It’s been a busy few weeks working on our extension. With the upper main walls now rapidly taking shape, for the first time you can really get a feel for its size — something that everyone who visits seems obliged to comment on. “You could fit a couple of terraced houses in here,” observed Godfrey, our builder.
The previous week I’d missed the building control site visit but the builders seemed to think it all went OK. To be on the safe side I phoned Andrew, our building control officer, and he raised no concerns but remarked on the impressive size of the twin 6.6m long steel beams, adding: “Basically what you’re doing is putting a new house on the side of your existing property.” He also informed me his next visit would occur once the roof structure is in place.
Earlier in the month our build programme had nearly been sabotaged because the firm of scaffolders booked by Godfrey did a ‘no show’, wasting everybody’s time. But ever resourceful, the builders temporarily deployed a series of scaffold planks on trestles as an improvised first lift, having earlier backfilled the ground around the main walls where it had been excavated for the rainwater pipework.
The following Saturday the scaffolders’ truck finally made an appearance, the first lift erected single-handedly by the owner of the company because his labourers hadn’t shown up for work.
I’ve had to devote a surprising amount of time to ordering materials and coordinating deliveries, so I’m beginning to appreciate the extent of the logistical work that main contractors normally carry out.
Running a building project at close quarters has also provided an insight into the problems faced by delivery lorry drivers. Accurately offloading all manner of heavy, bulky materials via truck-mounted Hiab cranes into awkward, often wet and muddy sites is a hugely underrated skill that we take for granted.
Normally, setting the ceiling heights is a straightforward part of the design, typically ranging from about 2.3 to 2.5m from finished floor level to ceiling. But on our planning drawings the height of the front wall was a bit short because the extension roof had to be set 200mm lower than the main house roof.
Without a dormer poking up through the roof to buy some extra window height, I was worried that the window on the first floor might appear comically low as you walk into the room.
In most rooms the heads of the windows align roughly with the tops of the internal doors, although in period cottages you can sometimes get away with quirky bedroom windows set a little lower. But in our new extension anything lower than eye level is going to look a trifle odd to say the least.

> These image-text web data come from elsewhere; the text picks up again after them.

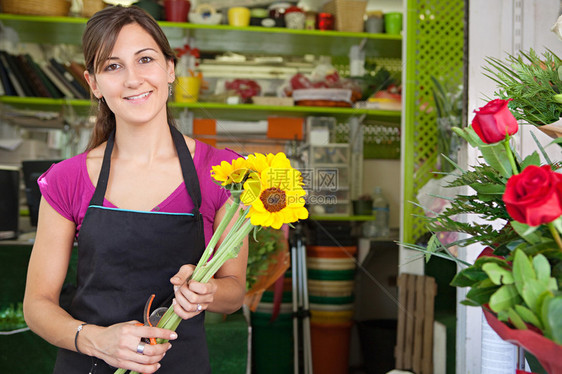 一位有吸引力的花店女老板在花店市场工作并制作新的插花图片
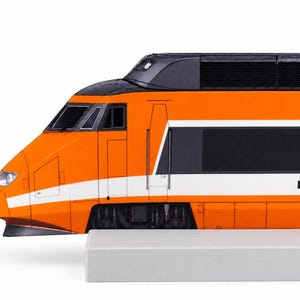 Könnte beinhalten: Eine Modelleisenbahn-Lokomotive mit einem leuchtend orangefarbenen Gehäuse und einem horizontalen weißen Streifen an der Seite. Der obere Bereich ist schwarz mit dunklen Lüftungsgittern, und vorne befinden sich ein Scheinwerfer und dunkle Fenster.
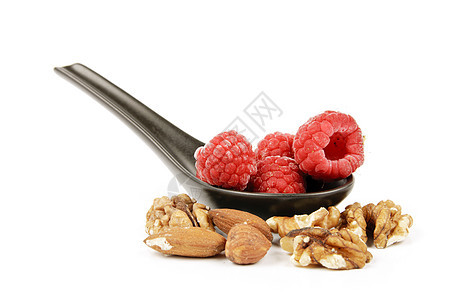 冰冻的兰草莓 在有坚果的勺子上食物饮食红色产品小吃白色味道营养粉色美食图片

Fortunately, this being a self-contained annexe extension, the upstairs floor could be positioned a fair bit lower than the existing landing in the main house, so adopting a reduced 2,300mm ceiling height downstairs has allowed us to gain a bit more headroom in bedroom above.
Choosing Floor Joists
For the first floor structure I’d originally planned on using engineered timber I-joists. These have been a standard component in mainstream housing developments for more than a decade because they’re far less prone to shrinkage problems and squeaks (although creaking can also be caused by poorly-fitted joist hangers, missing noggins or cheap chipboard flooring).
Although I-joists are dearer than traditional softwood, they’re quicker to fit with consequent savings in labour. But with the manufacturers quoting two to three week lead-in times following approval of drawings, this was looking a bit too tight for comfort.
After running the options past our structural engineer I decided on balance it would be better to stick with traditional treated softwood which offers greater versatility and flexibility for cutting and fitting on site.
The Floor Structure
I handed Colin, our chippie, a freshly printed colour drawing depicting the required positions of all the joists and the stair opening, including some to be doubled under internal walls, and he promptly set to work.
On the question of how best to support joist ends, I was under the misapprehension that they need to be hung from metal joist hangers rather than being slotted into masonry walls or supported on ledges in the time-honoured manner.
But although this holds true for new homes where air leakage and sound transmission are more of an issue, when it comes to extensions apparently it’s still acceptable to build them into the wall, although building control will pull chippies up where any joists extend into (potentially damp) cavities.
According to Howarth Timber, a leading timber supplier I spoke to, it’s more common in the north to build joists into walls, whereas down south it seems we have a greater fondness for hangers. Another detail that building control often check is that all the pre-formed nail holes in timber-to-timber joist hangers actually have nails in them because, as they like to remind us: “They’re there for a reason”.
Colin polished off the floor structure in a couple of days, taking care to position the noggins where possible so they corresponded to standard plasterboard dimensions, making life easier for the following trades. A few hefty sheets of 18mm OSB were then carefully placed over the floor deck to work from internally.
This is one of those stages in a build when you can stand back and take pleasure in witnessing your drawings coming to life. That evening I rewarded myself with a leisurely stroll around the upstairs floor and tried to picture how the finished rooms would look.